The Savour Food & Wine Festival marks a decade of delighting palates and bringing foodies, chefs and winemakers closer together. Photo: Mike Tompkins

Even at the most open of restaurants, you’re getting few chances to really talk with the chefs while they work. You may see them for a quick greeting when you order, or perhaps a brief thank-you at the end of the meal. But odds are good you’re talking to them while they’re really in action, as they’re cooking and plating your food. They’re probably not literally pointing you to the best glass of wine to pair with it.

Unless, of course, you’re at the Savour Food & Wine Festival. Running throughout February, the month-long festival brings diners together with chefs, restaurateurs, vintners, brewers and suppliers from across the province. It all begins on February 1 when the Dine Around program, which runs throughout the month, kicks off.
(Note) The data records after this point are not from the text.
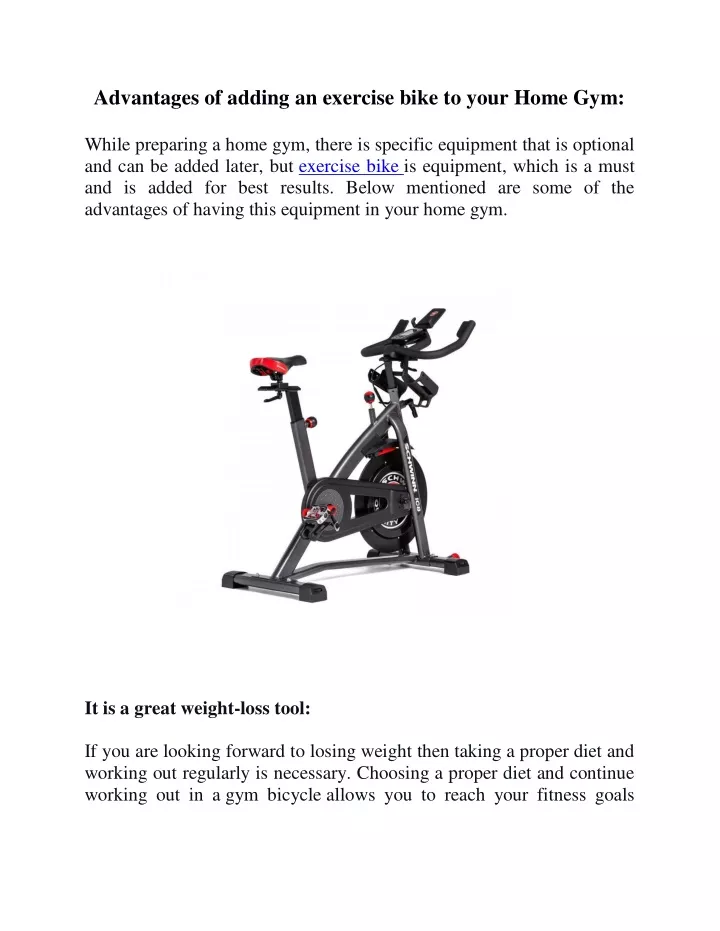 advantages of adding an exercise bike to your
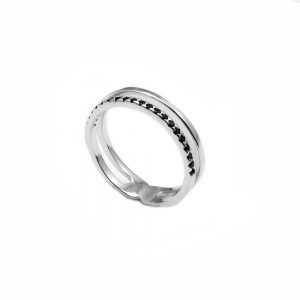 Anillo doble plata rodiada circonitas negras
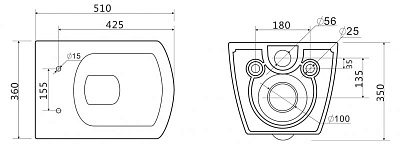 Унитаз подвесной Belbagno "CARINA" безободк. с сид. м/л (ВB514CHR + BB1077SC) 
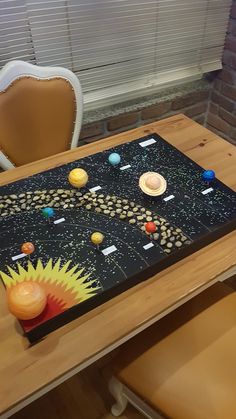 a wooden table topped with a solar system on it's surface next to a white chair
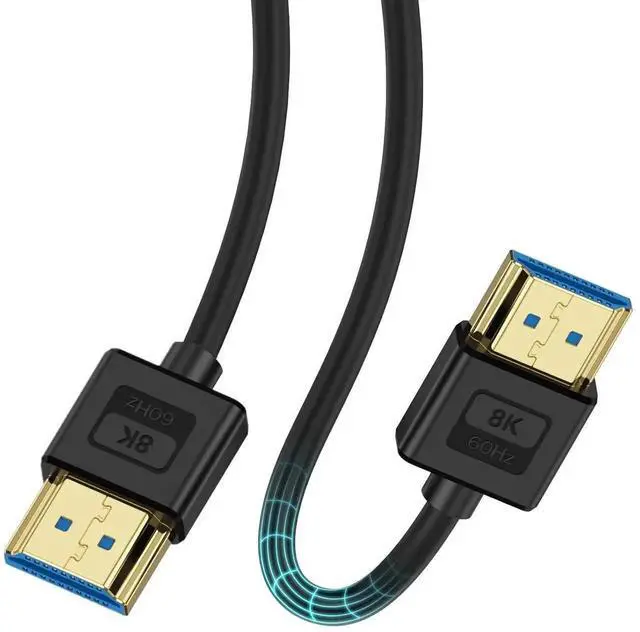 Main image of Ultra Soft Silicone Short HDMI Cable 1FT/0.3M, 8K Hyper Super Flexible Thin HDMI 2.1 Cable, High Speed Supports 3D, 8K@60Hz, ARC Type-A Male to Male for Camera, Monitor, PS5, Camcorder, Gimbal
Dine Around gives restaurants a chance to showcase a local project on a three-course prix fixe menu (for either $25, $35 or $45). Participating restaurants weren’t finalized at press time, but you can find all the latest updates at edining.ca.

Throughout the month, Casino Nova Scotia on Upper Water Street in Halifax is hosting several Festival events. Next is Decadence on February 7. The tasting pairs artisanal cheeses, succulent chocolates and wines from around the world. Held in the Schooner Showroom, Decadence is an intimate event, explains Gordon Stewart, executive director of the Restaurant Association of Nova Scotia, which organizes Savour. “We expanded Decadence to 225 tickets this year, and that’s really as big as we want it to get,” he says. This year, organizers have also invited a few local restaurants to Decadence, to share food pairings that complement the theme ingredients.

Next on the calendar is the Rare & Fine Wine Tasting in the Casino’s Compass Room on February 15. It’s another intimate event, with attendance capped at 125 people. “These are wines that are unavailable in Nova Scotia,” Stewart says, “wines we wouldn’t normally afford.”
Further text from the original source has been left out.